**Records supplied**
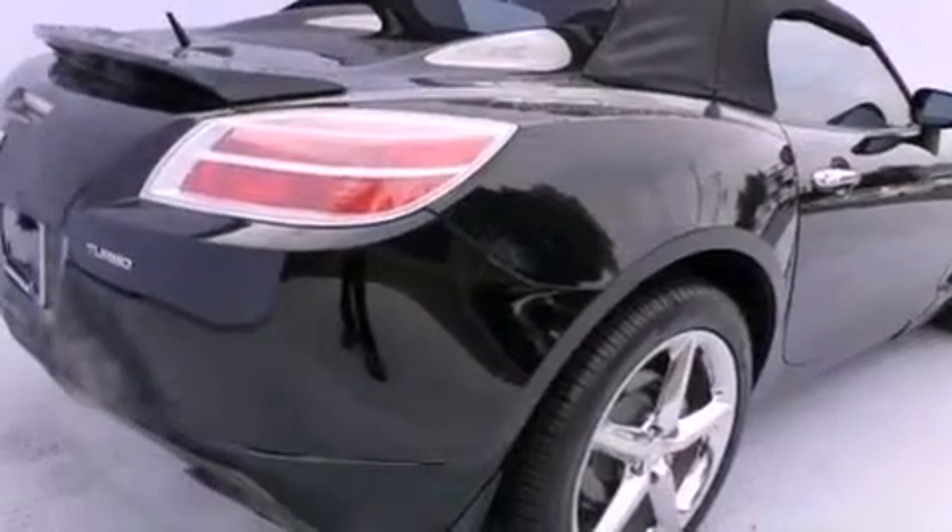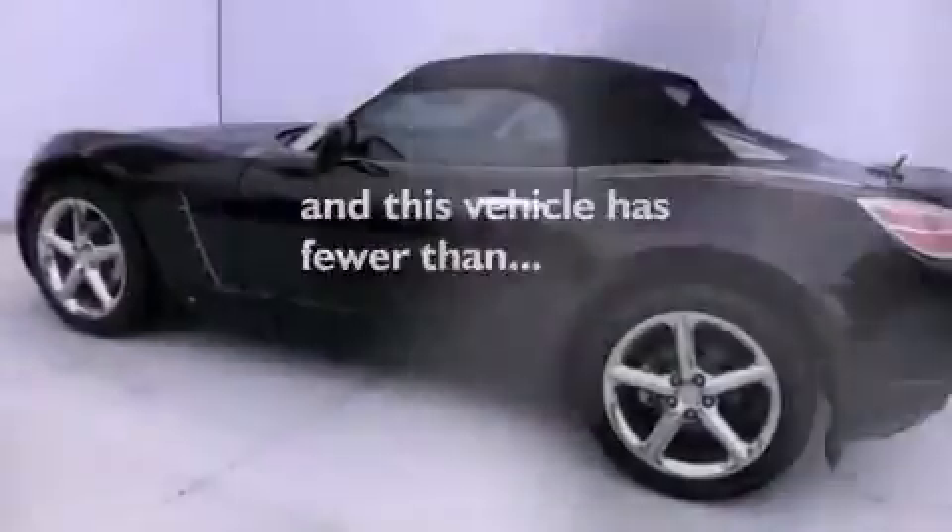Additional features include front fog lights, a traction control system, an anti-lock braking system, and air conditioning. This vehicle has fewer than 47,000 miles on the odometer.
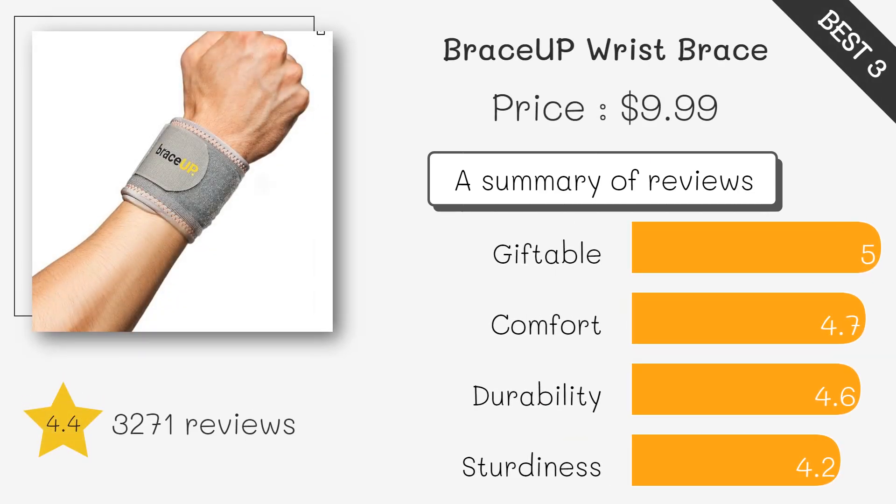Ideal for tendonitis, this brace offers three adjustable straps for a secure fit and a lightweight, breathable material that allows movement when needed. It's designed to provide support without sacrificing comfort, making it a great option for everyday use.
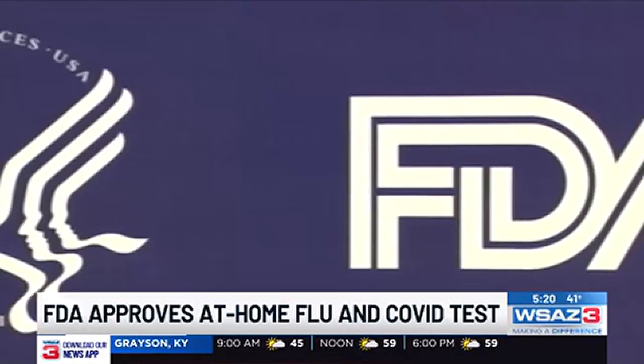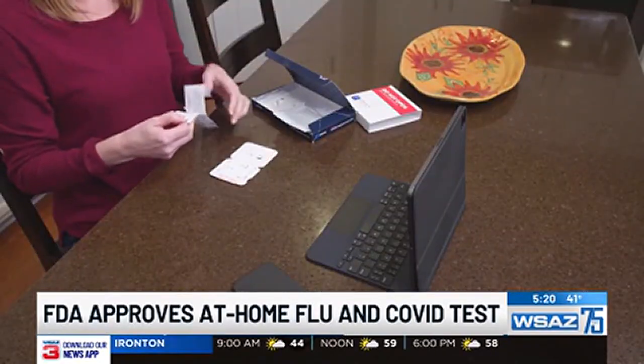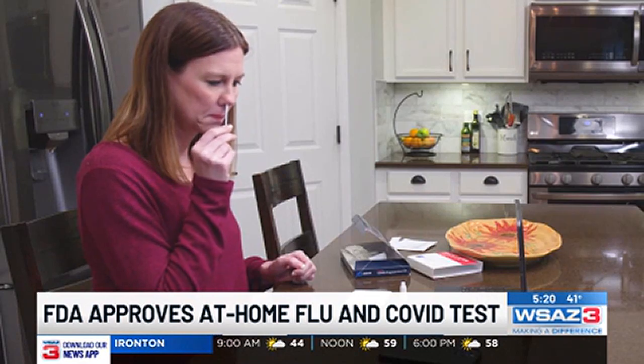The FDA has authorized a new at-home test to detect both COVID and the flu. This HealGen test basically works like many other similar tests. You take a nasal swab — a shallow nasal swab. Valley Health pharmacist Dr. Aaron Stone says you get results within 15 minutes, positive or negative, for COVID, flu, or both.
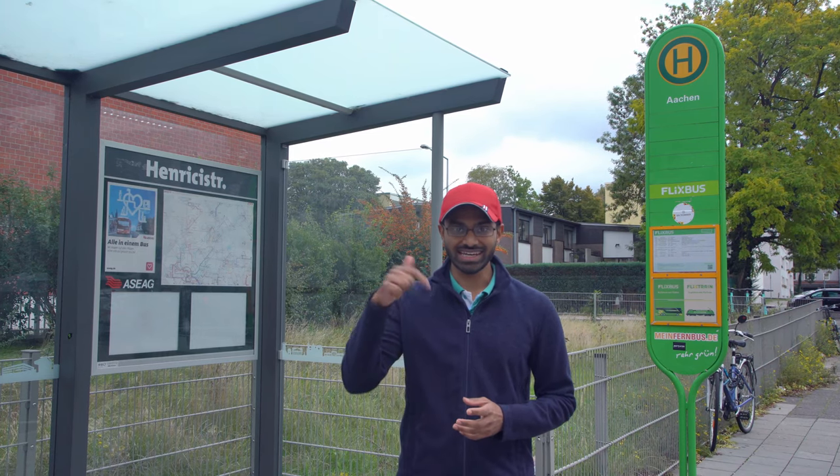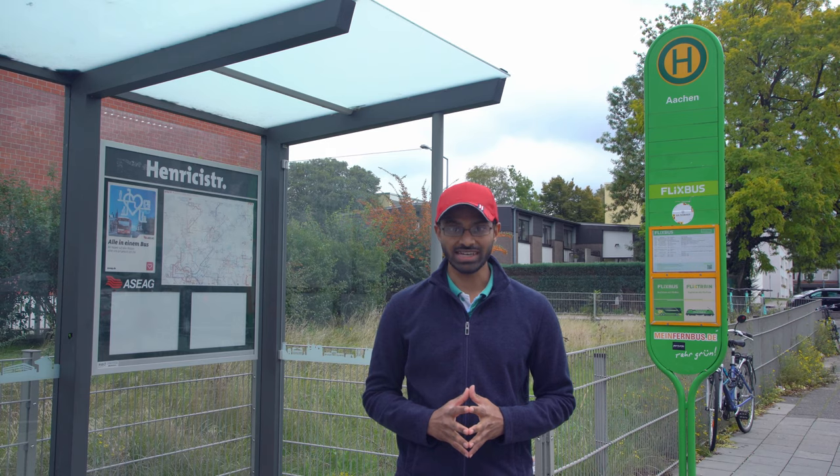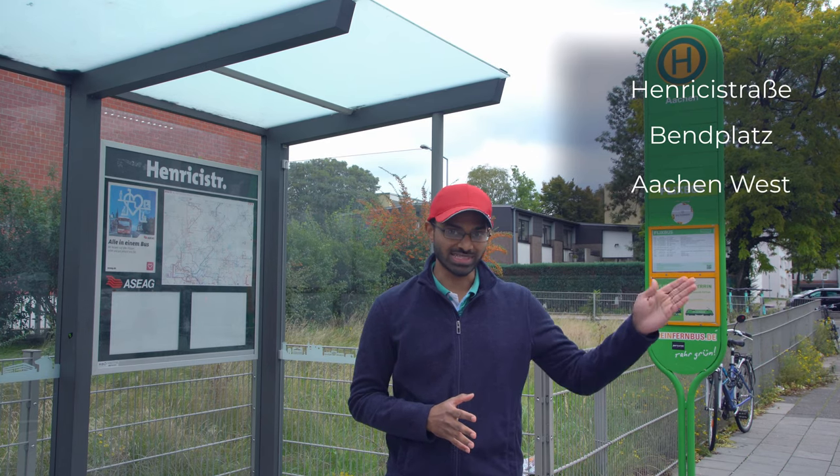If you're planning to take the bus, you could book your tickets through Flixbus — link in the description box below. In that case you'll be getting down at Hendriksstrasse. The closest bus stop from there is Bentplatz, or alternatively Aachen West in the other direction, which is also a train station.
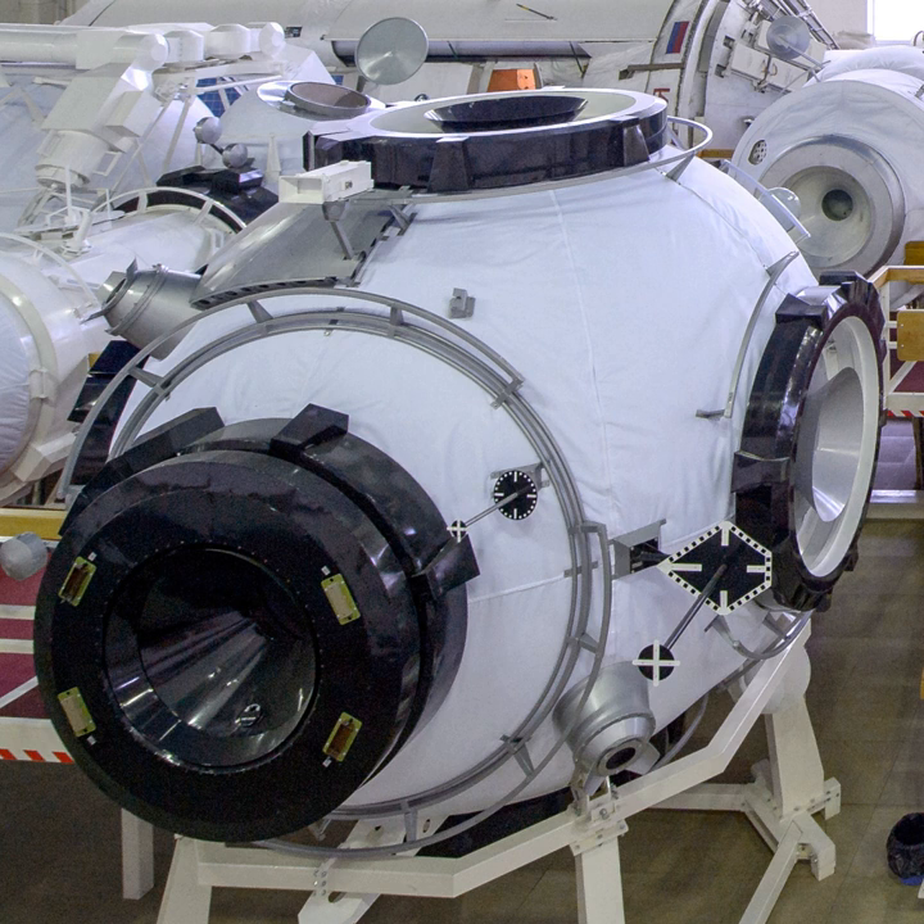Uzlovoi Module, also known as UM, is a Russian spacecraft which will form part of the International Space Station and later the proposed Russian OPSEK Space Station. Approved in 2011 and scheduled for launch in June 2019, it is designed to connect modules of the future OPSEK Space Station.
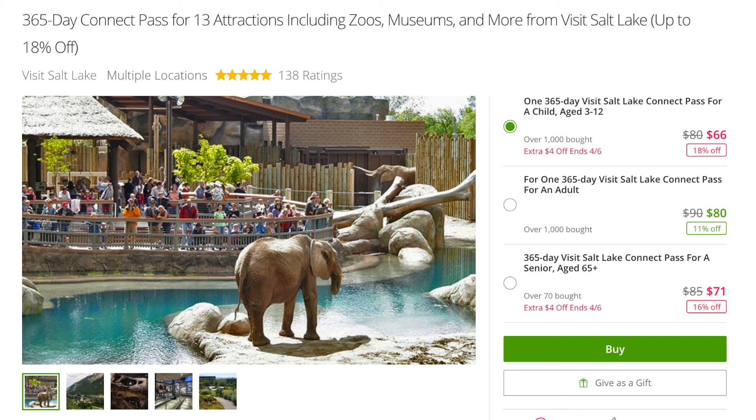Check Groupon — this is a really good one. You can filter it to show activities for kids and see what's discounted in your area. For example, right now for Utah there's a 365 Connect Pass which gives you admission to the zoo, a bunch of museums, the children's museum, and more — highly discounted and you can use it all week long. I'll link that below in the YouTube description. But look on Groupon for your own city and see what's available.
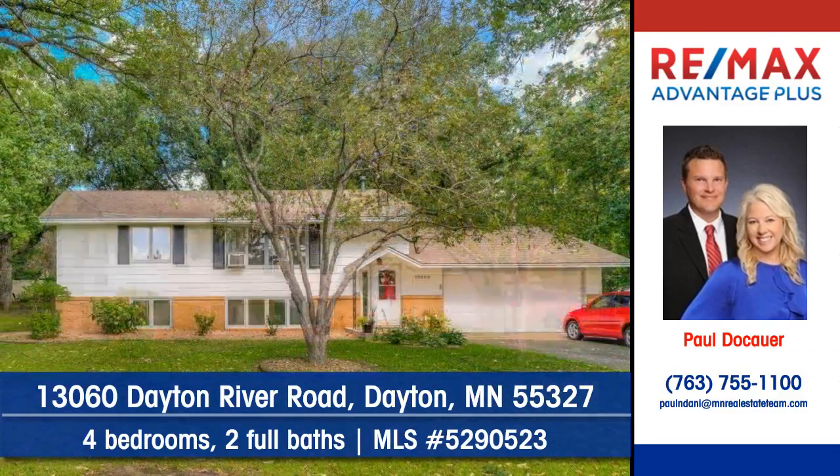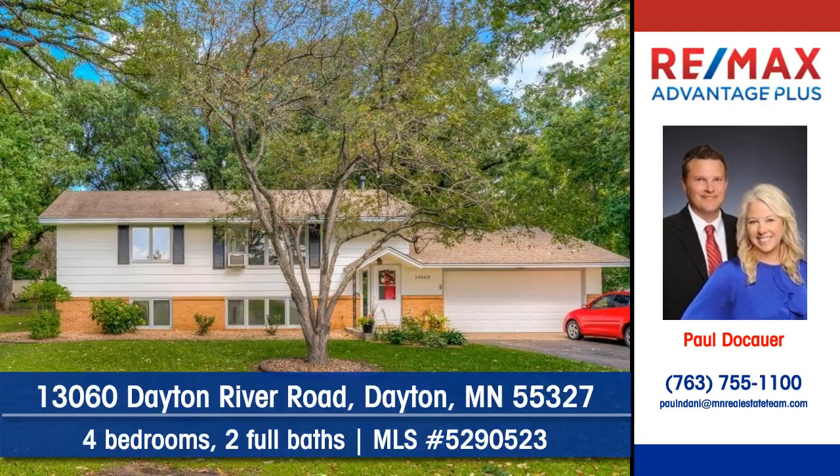To arrange a personal showing, contact Paul Docauer of RE/MAX Advantage Plus.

**What to work on**
Please repeat, exactly as written, only the lines from the line with "If you're planning" to the end of the data, leaving out every picture.

**Solution for this exercise**
If you're planning to take the bus, you could book your tickets through Flixbus — link in the description box below. In that case you'll be getting down at Hendriksstrasse. The closest bus stop from there is Bentplatz, or alternatively Aachen West in the other direction, which is also a train station.
Uzlovoi Module, also known as UM, is a Russian spacecraft which will form part of the International Space Station and later the proposed Russian OPSEK Space Station. Approved in 2011 and scheduled for launch in June 2019, it is designed to connect modules of the future OPSEK Space Station.
Check Groupon — this is a really good one. You can filter it to show activities for kids and see what's discounted in your area. For example, right now for Utah there's a 365 Connect Pass which gives you admission to the zoo, a bunch of museums, the children's museum, and more — highly discounted and you can use it all week long. I'll link that below in the YouTube description. But look on Groupon for your own city and see what's available.
To arrange a personal showing, contact Paul Docauer of RE/MAX Advantage Plus.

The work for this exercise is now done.